>>>>

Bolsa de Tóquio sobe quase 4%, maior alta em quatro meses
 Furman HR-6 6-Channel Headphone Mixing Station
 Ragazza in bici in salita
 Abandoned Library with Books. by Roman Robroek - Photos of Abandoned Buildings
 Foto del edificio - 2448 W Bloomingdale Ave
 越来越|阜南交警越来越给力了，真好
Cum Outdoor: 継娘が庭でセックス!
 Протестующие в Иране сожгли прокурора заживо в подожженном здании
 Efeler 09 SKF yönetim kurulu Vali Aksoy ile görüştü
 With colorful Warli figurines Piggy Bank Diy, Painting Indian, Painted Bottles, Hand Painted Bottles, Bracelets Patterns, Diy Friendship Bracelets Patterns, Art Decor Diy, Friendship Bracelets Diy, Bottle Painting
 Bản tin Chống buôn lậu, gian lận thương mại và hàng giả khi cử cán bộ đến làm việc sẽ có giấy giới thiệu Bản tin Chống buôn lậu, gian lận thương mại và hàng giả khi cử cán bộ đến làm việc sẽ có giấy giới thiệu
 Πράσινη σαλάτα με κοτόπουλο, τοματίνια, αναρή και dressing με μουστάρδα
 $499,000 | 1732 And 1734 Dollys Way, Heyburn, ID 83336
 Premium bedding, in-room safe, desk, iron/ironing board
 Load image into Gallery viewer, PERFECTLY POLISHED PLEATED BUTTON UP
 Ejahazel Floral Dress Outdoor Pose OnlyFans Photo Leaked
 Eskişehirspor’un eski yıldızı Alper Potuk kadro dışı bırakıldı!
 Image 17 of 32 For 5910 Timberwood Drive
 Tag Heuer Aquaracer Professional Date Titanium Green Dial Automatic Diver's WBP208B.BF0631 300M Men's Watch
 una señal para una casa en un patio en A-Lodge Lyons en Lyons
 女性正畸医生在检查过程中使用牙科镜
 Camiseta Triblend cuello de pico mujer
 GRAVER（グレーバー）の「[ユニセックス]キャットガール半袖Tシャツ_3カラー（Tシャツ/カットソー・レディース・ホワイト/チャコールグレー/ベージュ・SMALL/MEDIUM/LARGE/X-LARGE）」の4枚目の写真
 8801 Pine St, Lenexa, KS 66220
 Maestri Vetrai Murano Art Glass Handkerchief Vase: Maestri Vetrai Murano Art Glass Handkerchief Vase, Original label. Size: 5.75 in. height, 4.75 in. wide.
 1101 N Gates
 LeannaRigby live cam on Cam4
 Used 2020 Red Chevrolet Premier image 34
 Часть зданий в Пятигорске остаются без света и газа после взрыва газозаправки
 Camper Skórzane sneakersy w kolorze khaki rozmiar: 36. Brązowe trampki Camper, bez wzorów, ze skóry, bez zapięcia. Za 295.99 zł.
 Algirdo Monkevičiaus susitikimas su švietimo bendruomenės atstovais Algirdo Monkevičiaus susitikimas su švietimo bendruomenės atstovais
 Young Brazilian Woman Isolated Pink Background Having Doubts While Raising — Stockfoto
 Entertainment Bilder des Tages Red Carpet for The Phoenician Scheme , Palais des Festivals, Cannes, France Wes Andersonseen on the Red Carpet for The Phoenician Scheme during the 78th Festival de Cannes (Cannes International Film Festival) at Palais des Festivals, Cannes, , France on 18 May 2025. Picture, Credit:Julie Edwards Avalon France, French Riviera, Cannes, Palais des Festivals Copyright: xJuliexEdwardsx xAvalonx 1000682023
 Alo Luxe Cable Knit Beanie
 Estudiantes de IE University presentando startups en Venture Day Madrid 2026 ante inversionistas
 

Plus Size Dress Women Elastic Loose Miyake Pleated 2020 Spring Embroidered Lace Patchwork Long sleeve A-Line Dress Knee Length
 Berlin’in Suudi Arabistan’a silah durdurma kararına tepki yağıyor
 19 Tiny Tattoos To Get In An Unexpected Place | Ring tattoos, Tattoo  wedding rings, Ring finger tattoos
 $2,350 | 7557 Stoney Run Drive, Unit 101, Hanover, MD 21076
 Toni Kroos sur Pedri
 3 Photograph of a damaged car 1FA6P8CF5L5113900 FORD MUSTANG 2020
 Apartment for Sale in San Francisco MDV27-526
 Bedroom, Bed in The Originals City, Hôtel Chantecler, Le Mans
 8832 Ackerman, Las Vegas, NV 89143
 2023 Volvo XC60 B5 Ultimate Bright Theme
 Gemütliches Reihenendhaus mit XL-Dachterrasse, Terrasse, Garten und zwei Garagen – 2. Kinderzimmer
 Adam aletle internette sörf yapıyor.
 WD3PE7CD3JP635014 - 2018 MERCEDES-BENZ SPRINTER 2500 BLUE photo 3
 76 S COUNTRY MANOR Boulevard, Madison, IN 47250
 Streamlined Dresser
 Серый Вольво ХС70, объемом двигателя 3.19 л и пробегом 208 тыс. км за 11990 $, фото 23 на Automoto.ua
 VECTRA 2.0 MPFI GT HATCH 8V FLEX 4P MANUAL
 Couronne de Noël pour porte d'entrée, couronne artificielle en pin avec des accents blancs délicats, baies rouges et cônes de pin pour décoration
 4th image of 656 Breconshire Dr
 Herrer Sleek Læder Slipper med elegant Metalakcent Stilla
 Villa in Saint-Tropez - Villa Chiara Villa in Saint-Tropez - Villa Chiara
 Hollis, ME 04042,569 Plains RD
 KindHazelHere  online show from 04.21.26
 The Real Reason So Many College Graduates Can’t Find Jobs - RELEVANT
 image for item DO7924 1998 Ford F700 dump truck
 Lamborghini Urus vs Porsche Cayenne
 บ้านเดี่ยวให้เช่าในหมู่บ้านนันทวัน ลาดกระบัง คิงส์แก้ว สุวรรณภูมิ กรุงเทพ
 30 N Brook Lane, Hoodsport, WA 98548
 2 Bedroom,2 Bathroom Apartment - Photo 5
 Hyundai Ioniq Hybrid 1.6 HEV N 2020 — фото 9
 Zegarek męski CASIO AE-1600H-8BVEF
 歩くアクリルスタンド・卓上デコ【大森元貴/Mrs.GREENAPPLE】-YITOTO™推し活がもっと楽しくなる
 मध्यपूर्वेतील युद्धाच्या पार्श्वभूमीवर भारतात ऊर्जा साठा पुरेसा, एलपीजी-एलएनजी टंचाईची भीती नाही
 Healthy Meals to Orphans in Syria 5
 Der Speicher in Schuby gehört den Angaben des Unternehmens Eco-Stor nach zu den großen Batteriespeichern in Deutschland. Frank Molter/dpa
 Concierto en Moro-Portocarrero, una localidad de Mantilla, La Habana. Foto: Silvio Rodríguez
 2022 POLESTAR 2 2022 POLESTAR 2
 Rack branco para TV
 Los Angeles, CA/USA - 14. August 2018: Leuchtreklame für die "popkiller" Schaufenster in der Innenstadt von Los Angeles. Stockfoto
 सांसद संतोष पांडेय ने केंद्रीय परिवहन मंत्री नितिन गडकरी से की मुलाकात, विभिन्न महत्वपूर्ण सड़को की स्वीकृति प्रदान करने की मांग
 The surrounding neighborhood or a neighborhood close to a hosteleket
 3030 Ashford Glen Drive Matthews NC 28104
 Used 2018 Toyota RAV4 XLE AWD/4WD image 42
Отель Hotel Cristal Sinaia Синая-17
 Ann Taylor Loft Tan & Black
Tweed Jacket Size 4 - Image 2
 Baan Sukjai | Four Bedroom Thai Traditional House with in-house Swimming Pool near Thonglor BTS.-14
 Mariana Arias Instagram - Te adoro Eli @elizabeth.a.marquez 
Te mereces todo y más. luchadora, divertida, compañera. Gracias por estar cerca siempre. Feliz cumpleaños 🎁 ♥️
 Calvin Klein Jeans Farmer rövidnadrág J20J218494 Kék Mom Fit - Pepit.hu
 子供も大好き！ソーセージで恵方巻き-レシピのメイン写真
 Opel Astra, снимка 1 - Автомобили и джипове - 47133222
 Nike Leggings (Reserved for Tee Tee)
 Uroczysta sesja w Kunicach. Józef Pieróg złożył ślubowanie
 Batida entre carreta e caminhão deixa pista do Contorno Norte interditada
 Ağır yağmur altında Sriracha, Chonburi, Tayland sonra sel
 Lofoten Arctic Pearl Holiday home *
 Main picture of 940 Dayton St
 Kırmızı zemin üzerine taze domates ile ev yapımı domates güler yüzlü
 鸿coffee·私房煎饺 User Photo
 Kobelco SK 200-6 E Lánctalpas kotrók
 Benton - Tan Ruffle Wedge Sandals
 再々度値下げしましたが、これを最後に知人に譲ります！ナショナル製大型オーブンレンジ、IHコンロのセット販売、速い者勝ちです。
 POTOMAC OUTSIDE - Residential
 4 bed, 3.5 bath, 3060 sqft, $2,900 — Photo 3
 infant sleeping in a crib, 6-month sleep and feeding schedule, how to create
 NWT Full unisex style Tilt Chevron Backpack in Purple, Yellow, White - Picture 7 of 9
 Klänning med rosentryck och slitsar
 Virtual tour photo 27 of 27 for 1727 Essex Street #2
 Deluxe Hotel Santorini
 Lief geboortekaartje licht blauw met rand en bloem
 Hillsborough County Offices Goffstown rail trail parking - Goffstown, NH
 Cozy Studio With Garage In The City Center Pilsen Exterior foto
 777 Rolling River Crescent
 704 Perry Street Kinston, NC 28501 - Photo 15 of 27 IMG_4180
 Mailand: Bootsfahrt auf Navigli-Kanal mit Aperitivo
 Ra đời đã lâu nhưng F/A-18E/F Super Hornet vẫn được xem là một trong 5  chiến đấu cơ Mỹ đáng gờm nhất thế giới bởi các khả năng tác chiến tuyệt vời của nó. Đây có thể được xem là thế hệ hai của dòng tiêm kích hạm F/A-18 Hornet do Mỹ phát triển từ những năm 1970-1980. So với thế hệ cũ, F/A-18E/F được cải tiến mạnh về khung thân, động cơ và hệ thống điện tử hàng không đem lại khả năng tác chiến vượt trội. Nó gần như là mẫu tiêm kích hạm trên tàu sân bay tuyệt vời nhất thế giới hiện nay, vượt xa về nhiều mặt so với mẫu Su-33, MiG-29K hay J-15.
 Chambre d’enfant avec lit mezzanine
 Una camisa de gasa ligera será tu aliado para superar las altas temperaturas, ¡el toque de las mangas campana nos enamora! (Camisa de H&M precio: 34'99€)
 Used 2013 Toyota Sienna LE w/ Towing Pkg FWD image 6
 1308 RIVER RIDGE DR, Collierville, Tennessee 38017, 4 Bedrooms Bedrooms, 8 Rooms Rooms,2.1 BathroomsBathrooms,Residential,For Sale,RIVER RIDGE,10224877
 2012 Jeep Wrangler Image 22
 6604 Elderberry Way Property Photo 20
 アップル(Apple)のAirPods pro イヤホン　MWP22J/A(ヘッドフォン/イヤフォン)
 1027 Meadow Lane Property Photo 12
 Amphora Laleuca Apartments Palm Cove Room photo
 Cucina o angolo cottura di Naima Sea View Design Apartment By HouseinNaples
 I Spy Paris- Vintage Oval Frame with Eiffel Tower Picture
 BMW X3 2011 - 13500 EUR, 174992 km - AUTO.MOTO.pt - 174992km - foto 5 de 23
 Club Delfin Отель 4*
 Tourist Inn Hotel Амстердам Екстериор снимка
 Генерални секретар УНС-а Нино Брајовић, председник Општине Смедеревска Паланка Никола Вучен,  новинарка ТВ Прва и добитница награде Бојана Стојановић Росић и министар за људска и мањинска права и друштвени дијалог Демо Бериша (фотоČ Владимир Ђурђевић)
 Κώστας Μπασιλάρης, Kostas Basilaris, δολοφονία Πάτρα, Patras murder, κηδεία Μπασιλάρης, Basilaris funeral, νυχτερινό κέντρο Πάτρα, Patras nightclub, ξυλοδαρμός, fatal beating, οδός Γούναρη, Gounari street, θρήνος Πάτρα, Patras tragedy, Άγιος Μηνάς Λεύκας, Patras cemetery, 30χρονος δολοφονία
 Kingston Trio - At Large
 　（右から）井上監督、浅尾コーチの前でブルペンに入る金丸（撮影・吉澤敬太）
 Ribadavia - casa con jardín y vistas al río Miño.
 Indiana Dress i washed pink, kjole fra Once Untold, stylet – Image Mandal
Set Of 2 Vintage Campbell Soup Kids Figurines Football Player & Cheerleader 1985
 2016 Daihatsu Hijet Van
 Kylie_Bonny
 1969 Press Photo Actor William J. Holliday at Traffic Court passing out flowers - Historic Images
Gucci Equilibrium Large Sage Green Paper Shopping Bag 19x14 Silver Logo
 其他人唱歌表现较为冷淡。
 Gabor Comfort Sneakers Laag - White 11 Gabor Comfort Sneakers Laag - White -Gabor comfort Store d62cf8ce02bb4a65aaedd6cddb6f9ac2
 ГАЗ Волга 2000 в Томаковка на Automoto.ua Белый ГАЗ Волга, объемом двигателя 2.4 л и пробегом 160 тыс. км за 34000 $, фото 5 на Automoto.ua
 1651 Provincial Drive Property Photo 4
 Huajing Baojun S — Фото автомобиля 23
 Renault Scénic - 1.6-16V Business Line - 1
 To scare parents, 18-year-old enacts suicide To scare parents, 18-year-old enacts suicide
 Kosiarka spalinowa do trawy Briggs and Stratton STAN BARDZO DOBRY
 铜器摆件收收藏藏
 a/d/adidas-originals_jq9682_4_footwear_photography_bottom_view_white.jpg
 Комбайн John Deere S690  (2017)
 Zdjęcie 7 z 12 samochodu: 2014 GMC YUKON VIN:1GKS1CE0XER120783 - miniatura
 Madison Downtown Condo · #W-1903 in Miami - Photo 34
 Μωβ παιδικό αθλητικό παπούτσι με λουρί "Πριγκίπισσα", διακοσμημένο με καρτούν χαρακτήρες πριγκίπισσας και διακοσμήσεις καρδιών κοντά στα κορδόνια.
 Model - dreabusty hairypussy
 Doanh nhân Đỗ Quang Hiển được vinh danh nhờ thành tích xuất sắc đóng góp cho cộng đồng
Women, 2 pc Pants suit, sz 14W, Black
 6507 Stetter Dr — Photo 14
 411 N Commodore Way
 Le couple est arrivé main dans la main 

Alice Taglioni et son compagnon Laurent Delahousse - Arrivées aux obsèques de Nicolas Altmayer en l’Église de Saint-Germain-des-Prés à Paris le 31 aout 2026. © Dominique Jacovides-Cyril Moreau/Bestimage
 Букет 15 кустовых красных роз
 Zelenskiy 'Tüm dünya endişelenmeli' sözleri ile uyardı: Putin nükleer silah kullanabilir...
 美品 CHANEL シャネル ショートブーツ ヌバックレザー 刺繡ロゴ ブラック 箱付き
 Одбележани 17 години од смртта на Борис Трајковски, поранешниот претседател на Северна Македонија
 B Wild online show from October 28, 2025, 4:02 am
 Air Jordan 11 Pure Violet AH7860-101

<<<<

What the task requires »
Extract, please, the lines from the start of the entries above through the one with "Ejahazel Floral Dress", both included, reproducing each exactly and adding nothing.

Written reply »
Bolsa de Tóquio sobe quase 4%, maior alta em quatro meses
 Furman HR-6 6-Channel Headphone Mixing Station
 Ragazza in bici in salita
 Abandoned Library with Books. by Roman Robroek - Photos of Abandoned Buildings
 Foto del edificio - 2448 W Bloomingdale Ave
 越来越|阜南交警越来越给力了，真好
Cum Outdoor: 継娘が庭でセックス!
 Протестующие в Иране сожгли прокурора заживо в подожженном здании
 Efeler 09 SKF yönetim kurulu Vali Aksoy ile görüştü
 With colorful Warli figurines Piggy Bank Diy, Painting Indian, Painted Bottles, Hand Painted Bottles, Bracelets Patterns, Diy Friendship Bracelets Patterns, Art Decor Diy, Friendship Bracelets Diy, Bottle Painting
 Bản tin Chống buôn lậu, gian lận thương mại và hàng giả khi cử cán bộ đến làm việc sẽ có giấy giới thiệu Bản tin Chống buôn lậu, gian lận thương mại và hàng giả khi cử cán bộ đến làm việc sẽ có giấy giới thiệu
 Πράσινη σαλάτα με κοτόπουλο, τοματίνια, αναρή και dressing με μουστάρδα
 $499,000 | 1732 And 1734 Dollys Way, Heyburn, ID 83336
 Premium bedding, in-room safe, desk, iron/ironing board
 Load image into Gallery viewer, PERFECTLY POLISHED PLEATED BUTTON UP
 Ejahazel Floral Dress Outdoor Pose OnlyFans Photo Leaked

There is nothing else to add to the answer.